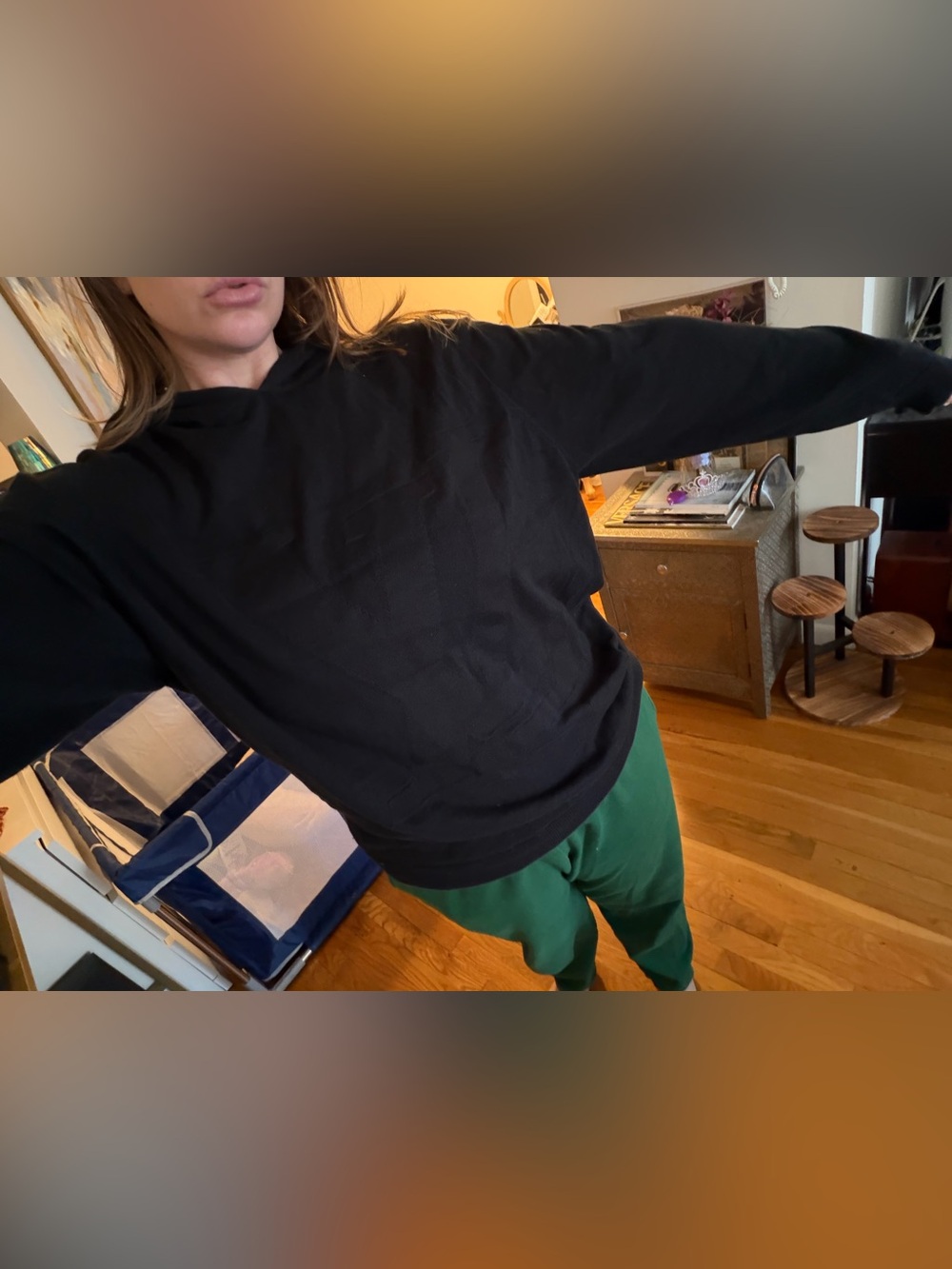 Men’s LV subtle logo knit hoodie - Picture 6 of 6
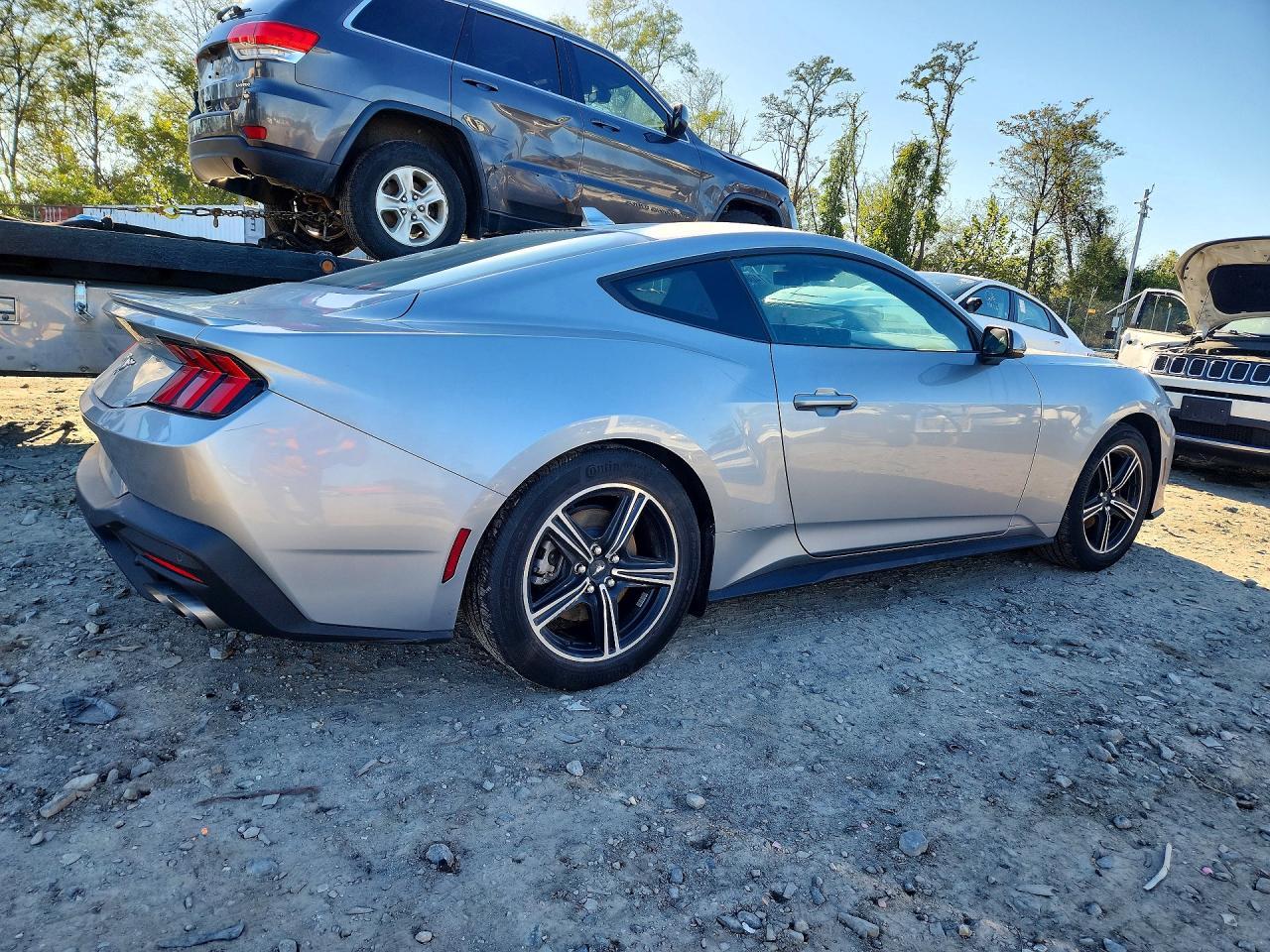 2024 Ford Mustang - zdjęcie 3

+ + +

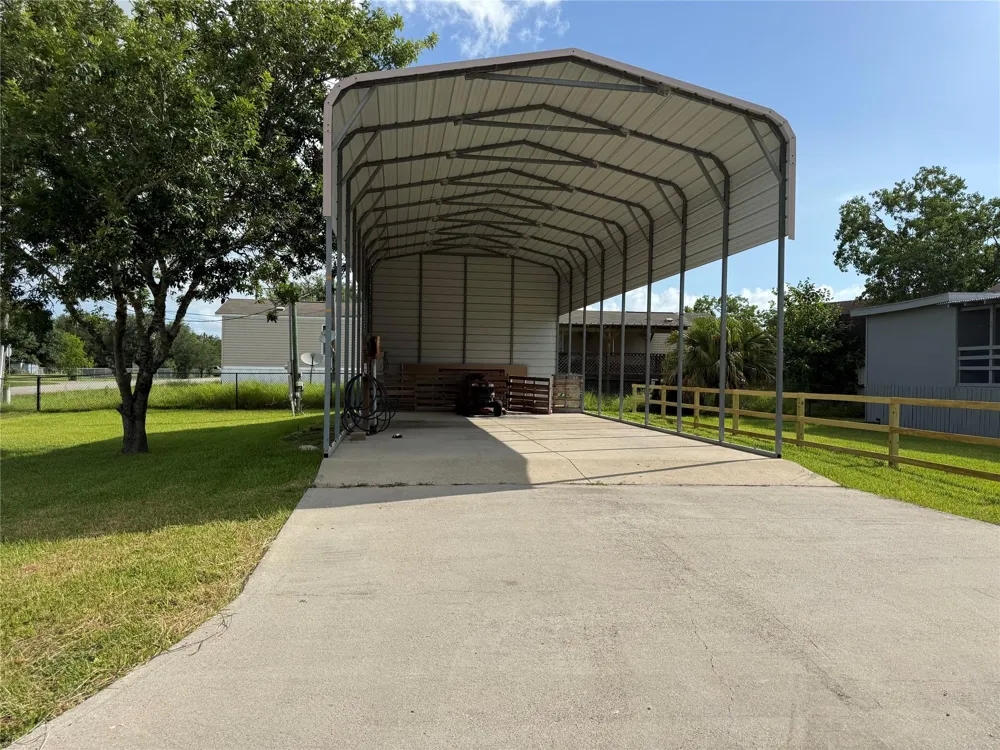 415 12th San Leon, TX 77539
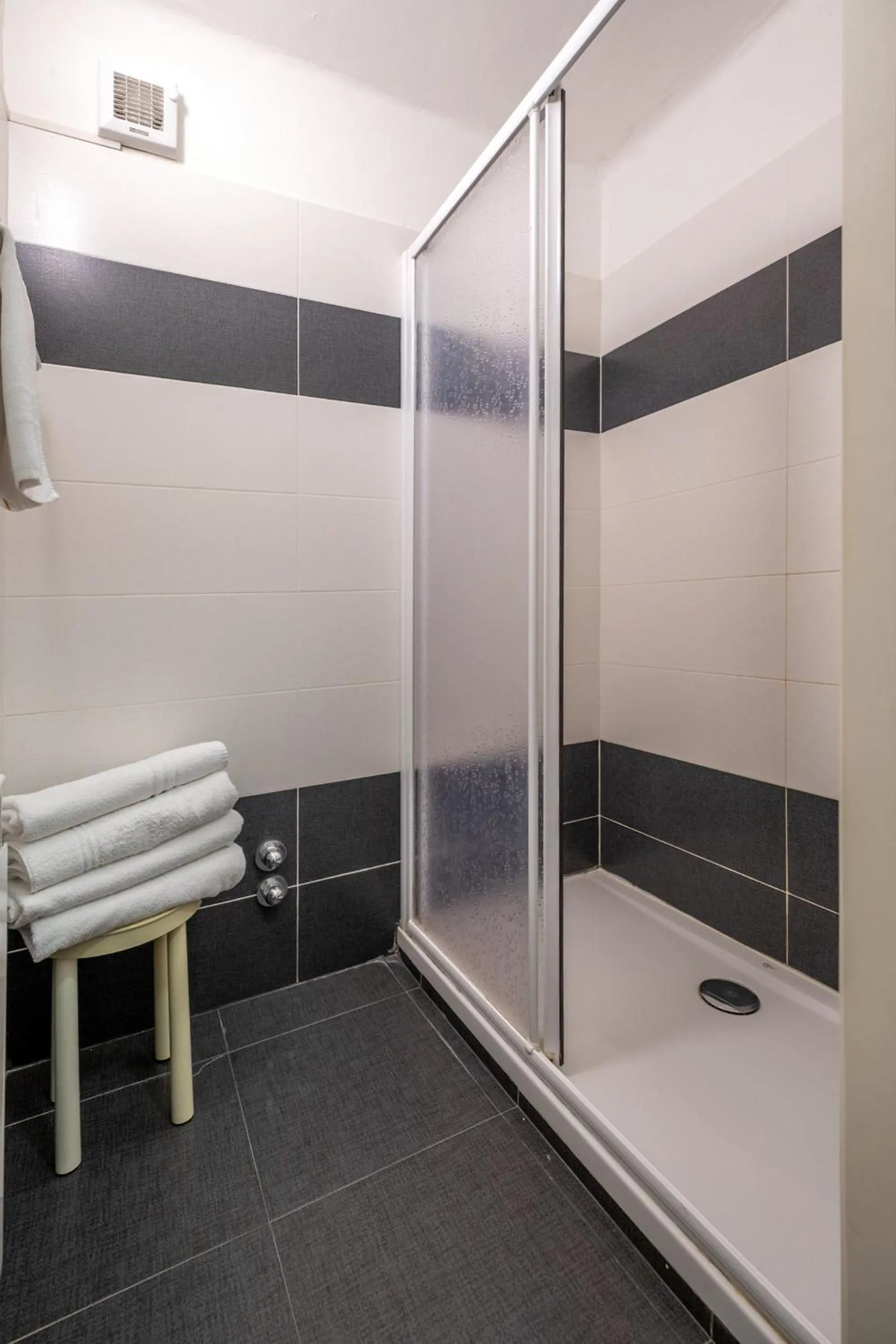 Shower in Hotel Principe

+ + +

Exercise prompt — Would you give again, exactly, the lines in the data above that run from the line containing "Men’s LV subtle" to the line containing "2024 Ford Mustang - zdjęcie 3"? Include both ends and no pictures.

Result of this exercise —
 Men’s LV subtle logo knit hoodie - Picture 6 of 6
 2024 Ford Mustang - zdjęcie 3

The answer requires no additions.